Deze ingezette verbeteringen, aangevuld met de adviezen van de ADR en het AcICT zullen worden samengebracht tot een algehele herziening van het stelsel. Ik zal u daar in toekomstige correspondentie over informeren.
Om te kunnen opereren als één overheid is een versterking van het CIO-stelsel niet voldoende. Het besluit CIO-stelsel heeft immers alleen betrekking op het Rijk. Daarom zal ik inventariseren wat aanvullend nodig is om te komen tot een stevigere invulling van de coördinerende rol van BZK. Zie ook mijn antwoord bij de vraag over een supradepartementale visie op het digitale regievraagstuk.
10.
Kunt u de aanzienlijke verschuiving op het opdrachtenbudget uit artikel 6.2, Overheidsdienstverlening, informatiebeleid en informatiesamenleving duidelijk toelichten? Kunt u per beleidsdoel uitleggen welke gevolgen dit de komende jaren heeft voor de realisatie hiervan?
Antwoord:
Zie antwoord op vraag 4.
11.
Kunt u nader aangeven welke maatregelen om verspreiding van desinformatie aan te pakken, om de weerbaarheid van burgers te vergroten en om kennisontwikkeling ten aanzien van desinformatie te versterken worden overwogen in de strijd tegen desinformatie en ‘deepfakes’?
Antwoord:
In juni van dit jaar is de voortgangsbrief over de Rijksbrede aanpak van desinformatie gedeeld met uw Kamer. De nieuwe acties richten zich op het vergroten van de digitale weerbaarheid van burgers, het verminderen van desinformatie en AI deepfakes en het verder ontwikkelen van kennis. Veel van deze nieuwe acties zijn momenteel in ontwikkeling. Acties bestaan onder andere uit het oprichten van een kennisinstituut, het stimuleren van onafhankelijke factcheckers op Europees niveau, het toepassen van AI om desinformatie online tegen te gaan en het onderzoeken van handelsperspectieven voor medische desinformatie.
12.
Kunt u het subsidiebudget uit de post ‘Overheidsdienstverlening’ (artikel 6.2) uitsplitsen over de beleidsdomeinen Digitale Inclusie, Data, Algoritmen, AI en Publieke Waarden? Hoe verandert de subsidiëring voor ieder van deze beleidsdomeinen jaarlijks tot en met 2029?
Antwoord:
Het subsidiebudget uit de post ‘Overheidsdienstverlening’ (artikel 6.2) over de beleidsdomeinen Digitale Inclusie, Data, Algoritmen, AI en Publieke Waarden is op dit moment nog niet uit te splitsen. De (her)prioritering op deze beleidsdomeinen loopt op dit moment nog en zal zijn uitwerking krijgen in de Nederlandse Digitaliseringsstrategie (NDS). Ik verwacht deze in het voorjaar van 2025 te publiceren en met uw Kamer te delen.
13.
Hoeveel subsidie gaat de komende periode per jaar naar de herinzet van digitale apparaten? Om hoeveel laptops en andere apparaten gaat dit? Welk budget is er nodig om dit structureel te maken?
Antwoord:
In totaal is er voor het jaar 2025 een bedrag van 5,5 mln euro begroot voor de herinzet van apparaten. Het bedrag van 5,5 mln euro per jaar is geborgd tot en met het jaar 2031.
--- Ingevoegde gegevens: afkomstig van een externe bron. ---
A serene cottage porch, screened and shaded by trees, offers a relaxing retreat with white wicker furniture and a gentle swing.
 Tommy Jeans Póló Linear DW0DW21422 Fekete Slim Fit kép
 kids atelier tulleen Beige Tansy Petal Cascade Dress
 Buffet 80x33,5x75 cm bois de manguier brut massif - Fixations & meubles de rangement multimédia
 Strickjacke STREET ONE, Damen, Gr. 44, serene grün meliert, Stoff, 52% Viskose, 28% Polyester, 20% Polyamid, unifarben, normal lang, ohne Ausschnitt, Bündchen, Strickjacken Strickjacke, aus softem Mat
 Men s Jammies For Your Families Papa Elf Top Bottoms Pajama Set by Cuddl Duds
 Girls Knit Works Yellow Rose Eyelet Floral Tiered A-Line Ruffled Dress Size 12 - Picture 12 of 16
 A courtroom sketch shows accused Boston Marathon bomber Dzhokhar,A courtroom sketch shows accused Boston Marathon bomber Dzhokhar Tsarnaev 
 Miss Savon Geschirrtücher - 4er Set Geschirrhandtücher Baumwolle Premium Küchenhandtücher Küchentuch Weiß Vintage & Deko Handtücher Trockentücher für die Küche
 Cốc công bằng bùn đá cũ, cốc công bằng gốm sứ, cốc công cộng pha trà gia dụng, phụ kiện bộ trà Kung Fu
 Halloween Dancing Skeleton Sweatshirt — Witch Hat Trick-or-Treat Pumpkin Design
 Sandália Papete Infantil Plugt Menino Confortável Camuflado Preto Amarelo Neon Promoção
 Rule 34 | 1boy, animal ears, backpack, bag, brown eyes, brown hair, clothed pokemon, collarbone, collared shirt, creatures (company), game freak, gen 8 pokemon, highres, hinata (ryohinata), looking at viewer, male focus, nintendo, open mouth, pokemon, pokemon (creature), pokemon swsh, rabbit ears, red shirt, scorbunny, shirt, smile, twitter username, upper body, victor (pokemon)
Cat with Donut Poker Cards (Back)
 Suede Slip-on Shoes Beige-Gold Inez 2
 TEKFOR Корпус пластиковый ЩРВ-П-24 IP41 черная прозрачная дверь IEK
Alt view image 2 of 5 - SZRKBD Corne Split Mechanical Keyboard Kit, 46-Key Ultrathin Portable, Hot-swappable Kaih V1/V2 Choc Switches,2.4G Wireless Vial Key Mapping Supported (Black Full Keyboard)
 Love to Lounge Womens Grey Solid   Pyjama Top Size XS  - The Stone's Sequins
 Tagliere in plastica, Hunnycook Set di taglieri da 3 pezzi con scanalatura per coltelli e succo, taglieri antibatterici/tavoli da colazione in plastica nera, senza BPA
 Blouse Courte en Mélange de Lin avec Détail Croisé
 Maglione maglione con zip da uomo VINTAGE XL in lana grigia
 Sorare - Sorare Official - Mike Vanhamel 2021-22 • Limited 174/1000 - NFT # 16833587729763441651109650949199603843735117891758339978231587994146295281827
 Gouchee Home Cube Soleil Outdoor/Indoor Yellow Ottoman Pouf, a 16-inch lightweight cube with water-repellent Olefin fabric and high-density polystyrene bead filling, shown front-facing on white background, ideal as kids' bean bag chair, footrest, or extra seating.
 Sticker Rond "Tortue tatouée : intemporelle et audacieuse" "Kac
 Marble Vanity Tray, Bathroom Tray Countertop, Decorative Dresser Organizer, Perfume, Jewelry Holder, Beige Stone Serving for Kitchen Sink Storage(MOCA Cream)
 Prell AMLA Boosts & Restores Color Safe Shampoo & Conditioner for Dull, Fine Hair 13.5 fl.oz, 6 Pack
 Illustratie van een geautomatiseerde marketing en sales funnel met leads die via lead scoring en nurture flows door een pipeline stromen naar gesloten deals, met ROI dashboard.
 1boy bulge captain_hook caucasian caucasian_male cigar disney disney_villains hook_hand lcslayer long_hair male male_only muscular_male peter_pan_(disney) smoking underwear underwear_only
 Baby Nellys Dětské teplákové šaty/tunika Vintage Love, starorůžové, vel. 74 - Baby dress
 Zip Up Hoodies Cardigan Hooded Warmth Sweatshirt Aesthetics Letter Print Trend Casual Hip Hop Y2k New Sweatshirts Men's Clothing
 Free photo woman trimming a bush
Het gaat hierbij om het opschonen en gebruiksklaar maken van apparaten.
Voorts kan ik u melden dat er in het jaar 2024 een start is gemaakt met de herinzet van apparaten. Uit een verkenning blijkt dat er tussen de 8.000 en 10.000 apparaten (in potentie) kunnen worden ingezet ter hergebruik.
14.
Kunt u nader toelichten hoeveel middelen er de komende jaren beschikbaar zijn voor het ontwikkelen van Digitale gemeenschapsgoederen? Welke middelen zijn er gereserveerd voor de acties aangekondigd in de Kamerbrief Digitale gemeenschapsgoederen (Kamerstuk 26643-1057)? Wordt hierop gekort en zo ja, hoeveel geld betreft dit jaarlijks?
Antwoord:
In 2025 zet BZK het beleid ter bevordering van het gebruik en ontwikkeling van digitale gemeenschapsgoederen voort. Er zal wederom geïnvesteerd worden in alternatieve technologieën daar waar bestaande aanbieders uitgangspunten als privacy, interoperabiliteit en keuzevrijheid onvoldoende waarborgen. In dit kader zetten we de oprichting van de European Digital Infrastructure Consortium (EDIC) voort om Europabreed te kunnen samenwerken aan digitale gemeenschapsgoederen.
15.
Kunt u de acties uit het beleidsdomein Online Kinderrechten uiteenzetten? Welke middelen zijn er per jaar beschikbaar voor deze acties? Indien er gekort wordt op bepaalde acties, kunt u dan inzichtelijk maken welke specifieke projecten of initiatieven minder geld zullen ontvangen?
Antwoord:
In de bijlage kunt u een overzicht lezen van alle acties uit het beleidsdomein Online Kinderrechten. Momenteel wordt bezien of kan worden geschoven met budgetten van andere beleidsacties. Daaruit volgt nog hoeveel middelen er de komende jaren per actie beschikbaar zullen zijn.
16.
Worden uit het beleidsdoel Online Kinderrechten ook preventieve acties gefinancierd voor het bestrijden van online kindermisbruik? Op welke manier is het ministerie van Binnenlandse Zaken en Koninkrijksrelaties (BZK) betrokken bij de aanpak hiervan, bijvoorbeeld in het ondersteunen van de organisatie Offlimits?
Antwoord:
Uit het beleidsdoel Online Kinderrechten financiert BZK geen preventieve acties voor specifiek het bestrijden van online kindermisbruik. BZK ondersteunt Offlimits niet financieel. De financiering van het bestrijden van online kindermisbruik valt onder de begroting van het ministerie van Justitie en Veiligheid.
17.
Welke bijdrage levert het Rijk de komende periode jaarlijks aan medeoverheden voor het implementeren van Europese datawetgeving, waaronder de Datagovernanceverordening en de NIS2? Kunt u per relevante wet- en regelgeving aangeven hoeveel medeoverheden de komende jaren van het Rijk zullen ontvangen en waar u de hoogte van deze bijdrage op baseert?
Antwoord:
Medeoverheden krijgen de komende periode van het Rijk ondersteuning op verschillende manieren om Europese datawetgeving te implementeren. Onder Europese datawetgeving vallen de Open Data Richtlijn, de Datagovernanceverordening en de Dataverordening.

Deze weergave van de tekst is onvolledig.